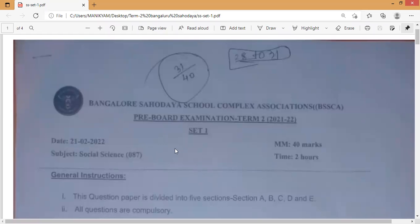Those who want to prepare for the Term 2 board examination can visit MNR Academy regularly to receive all the Bangalore Savodaya question papers — Set 1, and Set 2 as well once I receive it. This social science question paper was just released today, so those interested in the Bangalore Savodaya pre-board can watch this video till the end and subscribe to my channel.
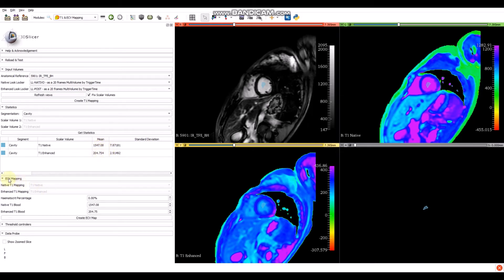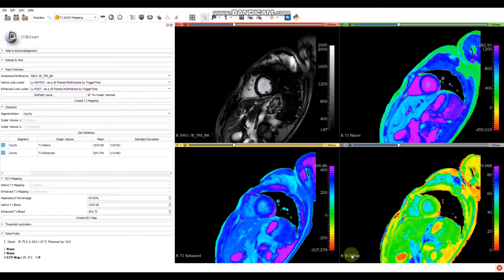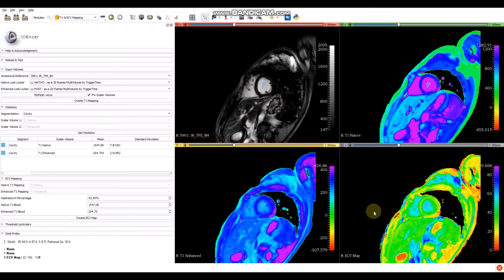We can see that these values were copied into the ECB mapping section. Because if we made just one segmentation, the module will copy the values automatically. To get the ECB mapping, we will also have to enter the hematocrit percentage — suppose it is 43. Clicking on 'Create ECB Map', we will have the ECB mapping. Here it is: we have the viability sequence, the T1 native mapping, the T1 enhanced mapping, and the ECB map.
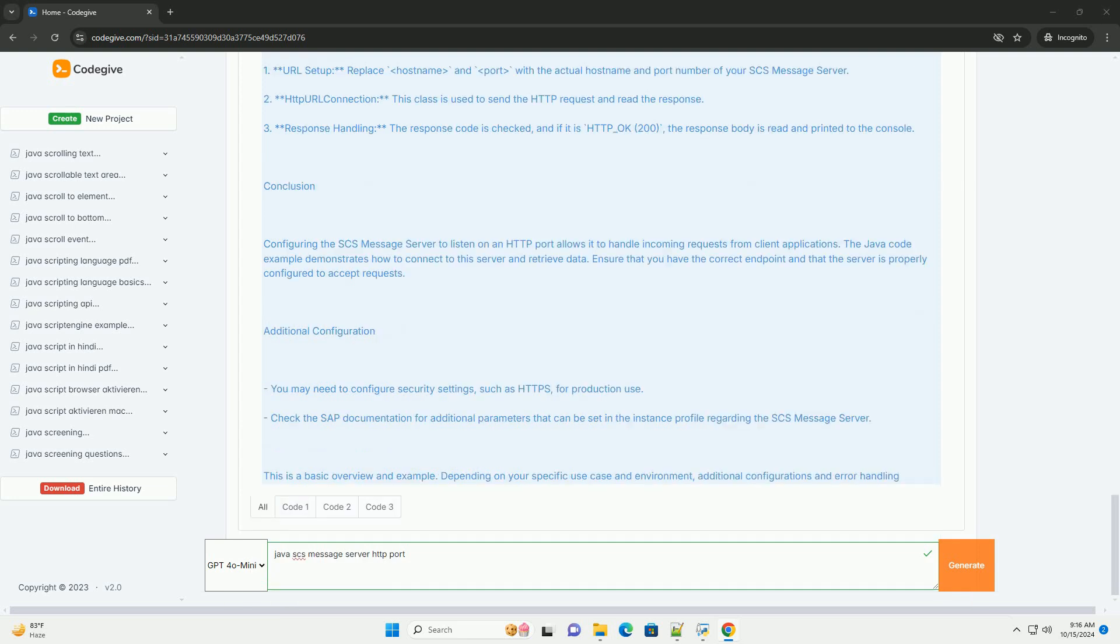When configuring the SCS Message Server to listen on HTTP ports, it allows clients to send requests using RESTful APIs or other HTTP-based protocols.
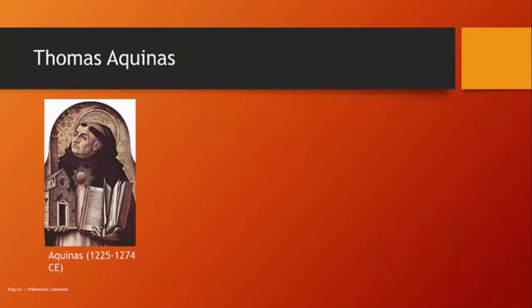So a few themes that we want to draw out from Aquinas. I mentioned the Aristotelian synthesis. Consistent with that, you might notice from some of the stuff from Aristotle that we've already looked at, Aquinas is going to have a very strong emphasis on virtue.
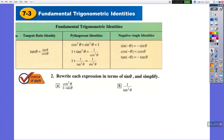Hi everyone. In this video I'm going to talk about fundamental trigonometric identities, section 3. There are many, many trigonometric identities that tie trigonometric functions together. In this video I'm going to talk about a couple of them.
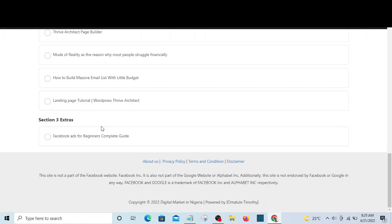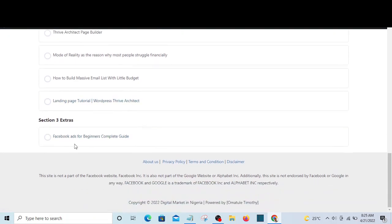Section 3, which is the extras, covers how to start Facebook and Instagram advertisement for complete beginners. Here you learn how to create your page, set up your page, link your Instagram account to your business manager, and how to run your first ad — what you should do and what you should not do. You will learn all those things as a beginner so that your account starts on a good note and becomes very healthy right from the beginning.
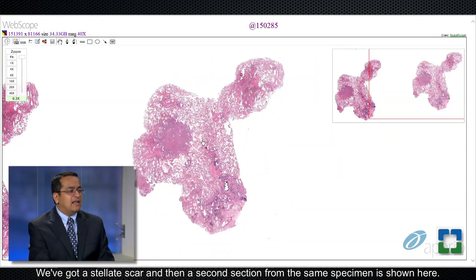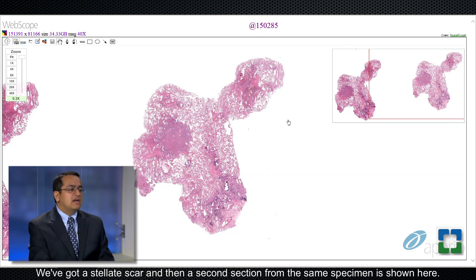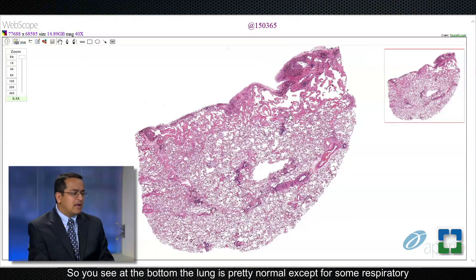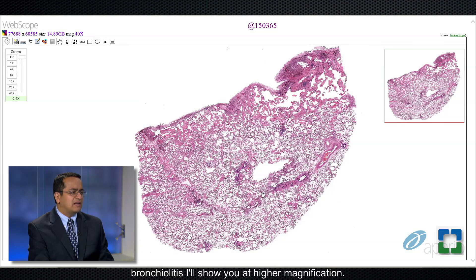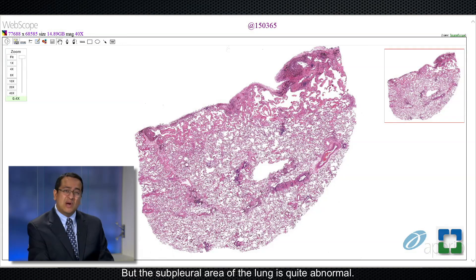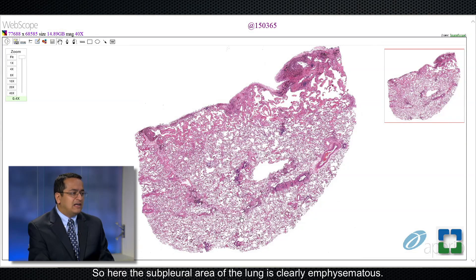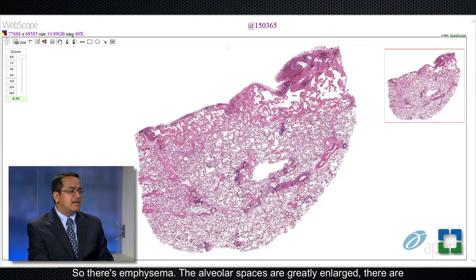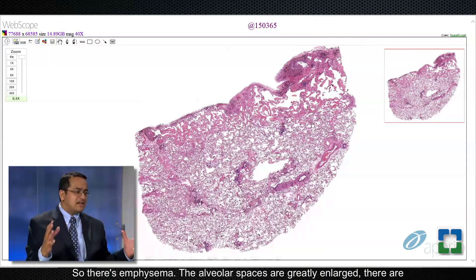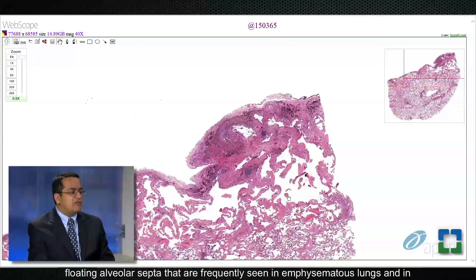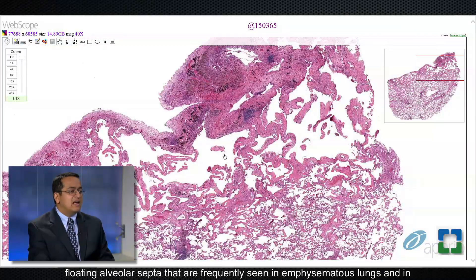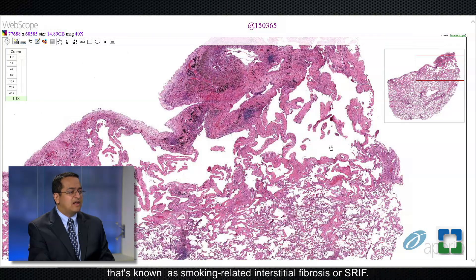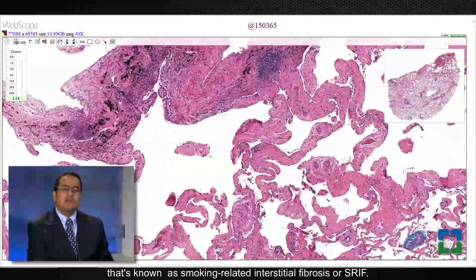A second section from the same specimen is shown here. The bottom of the lung is pretty normal except for some respiratory bronchiolitis I'll show you at higher magnification. But the subpleural area of the lung is quite abnormal — clearly emphysematous. The alveolar spaces are greatly enlarged with floating alveolar septa frequently seen in emphysematous lung. In addition to that, there is ropey hyalinized collagen within the alveolar septa, known as smoking-related interstitial fibrosis or SRIF.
○ ○ ○
Although the records contain pictures, your copy should hold only the text, reproduced exactly.

» Answer section
Those who want to prepare for the Term 2 board examination can visit MNR Academy regularly to receive all the Bangalore Savodaya question papers — Set 1, and Set 2 as well once I receive it. This social science question paper was just released today, so those interested in the Bangalore Savodaya pre-board can watch this video till the end and subscribe to my channel.
We can see that these values were copied into the ECB mapping section. Because if we made just one segmentation, the module will copy the values automatically. To get the ECB mapping, we will also have to enter the hematocrit percentage — suppose it is 43. Clicking on 'Create ECB Map', we will have the ECB mapping. Here it is: we have the viability sequence, the T1 native mapping, the T1 enhanced mapping, and the ECB map.
When configuring the SCS Message Server to listen on HTTP ports, it allows clients to send requests using RESTful APIs or other HTTP-based protocols.
So a few themes that we want to draw out from Aquinas. I mentioned the Aristotelian synthesis. Consistent with that, you might notice from some of the stuff from Aristotle that we've already looked at, Aquinas is going to have a very strong emphasis on virtue.
Hi everyone. In this video I'm going to talk about fundamental trigonometric identities, section 3. There are many, many trigonometric identities that tie trigonometric functions together. In this video I'm going to talk about a couple of them.
Section 3, which is the extras, covers how to start Facebook and Instagram advertisement for complete beginners. Here you learn how to create your page, set up your page, link your Instagram account to your business manager, and how to run your first ad — what you should do and what you should not do. You will learn all those things as a beginner so that your account starts on a good note and becomes very healthy right from the beginning.
A second section from the same specimen is shown here. The bottom of the lung is pretty normal except for some respiratory bronchiolitis I'll show you at higher magnification. But the subpleural area of the lung is quite abnormal — clearly emphysematous. The alveolar spaces are greatly enlarged with floating alveolar septa frequently seen in emphysematous lung. In addition to that, there is ropey hyalinized collagen within the alveolar septa, known as smoking-related interstitial fibrosis or SRIF.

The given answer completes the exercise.